Suelo recordar, cuando pienso en la política peruana, una frase que he escuchado varias veces al gran Pepe Barba y que va más o menos así: “al vicio le gusta disfrazarse de diversos ropajes, pero el disfraz que más aprecia es el de la virtud”. En efecto, el disfraz más apreciado por los autócratas que aplauden las tiranías ideologizadas es el disfraz de la democracia.
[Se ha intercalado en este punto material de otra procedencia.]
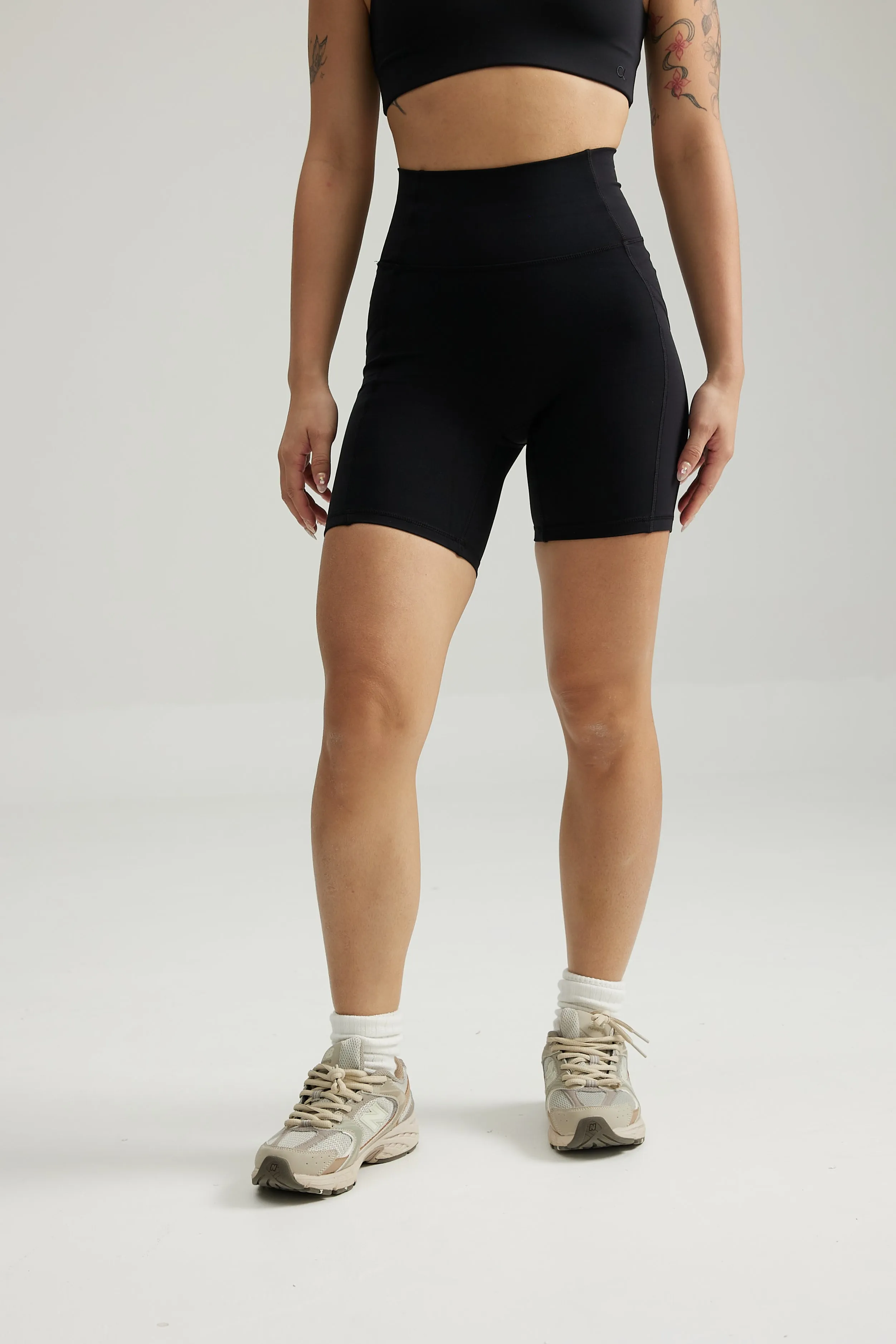 Travel Fit On-The-Go Style Pocket Shorts (Biker 6") in Black Sesame
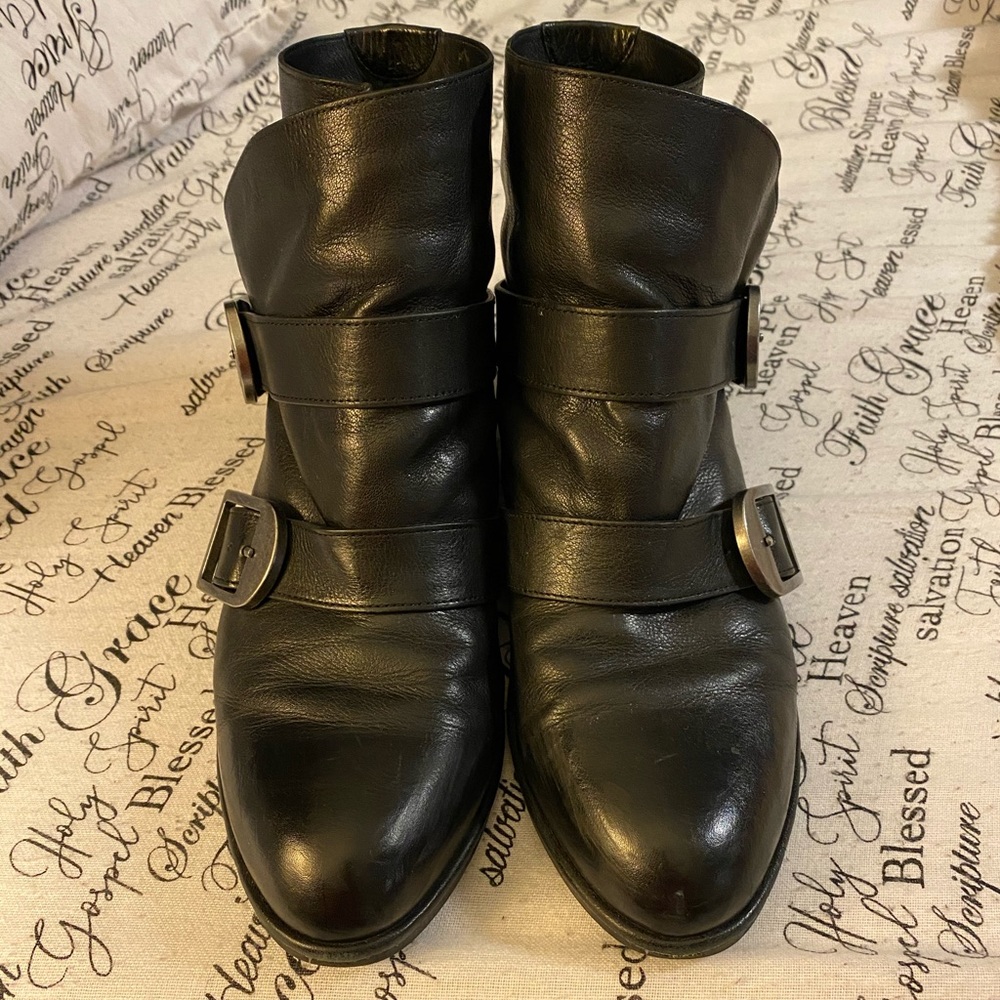 Via Spiga black booties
Así, mientras enarbolan el estandarte de la democracia, los viciosos disfrazados de virtuosos aplauden la destrucción del Estado de Derecho y predican el odio político y la muerte civil para todos los que no piensan como ellos.

Por eso, indigna recordar que los mismos que hoy se rasgan las vestiduras sosteniendo que la democracia está en peligro fueron los que durante los años del vizcarrismo se dedicaron a minarla con el único afán de perseguir a sus enemigos políticos. Y en medio de sus quejas y acusaciones, no atinan a reconocer sus acciones y mucho menos las consecuencias de su apoyo a Vizcarra.

Debilitar la democracia pasa por destruir el Estado de Derecho y relativizar las garantías procesales. Esto es lo que se ha hizo con dolo y a conciencia durante años, destruyendo a la oposición, legitimando lo “fáctico” y amenazando con la prensa vizcarrista cualquier atisbo de pensamiento disidente. Cuando las personas son perseguidas utilizando el argumento de la corrupción y sin respetar el derecho entonces todos pasan a la condición de sospechosos y la propia sociedad se dirige al banquillo de los acusados. Cuando la persecución política violenta los principios democráticos el Estado se convierte en un peligroso Leviatán. Ese doble rasero tiene que acabar y los que caminaron por el sendero oscuro de Vizcarra ahora tendrán que reconocer que con su voto interesado legitimaron la destrucción de esa democracia que ellos afirman representar.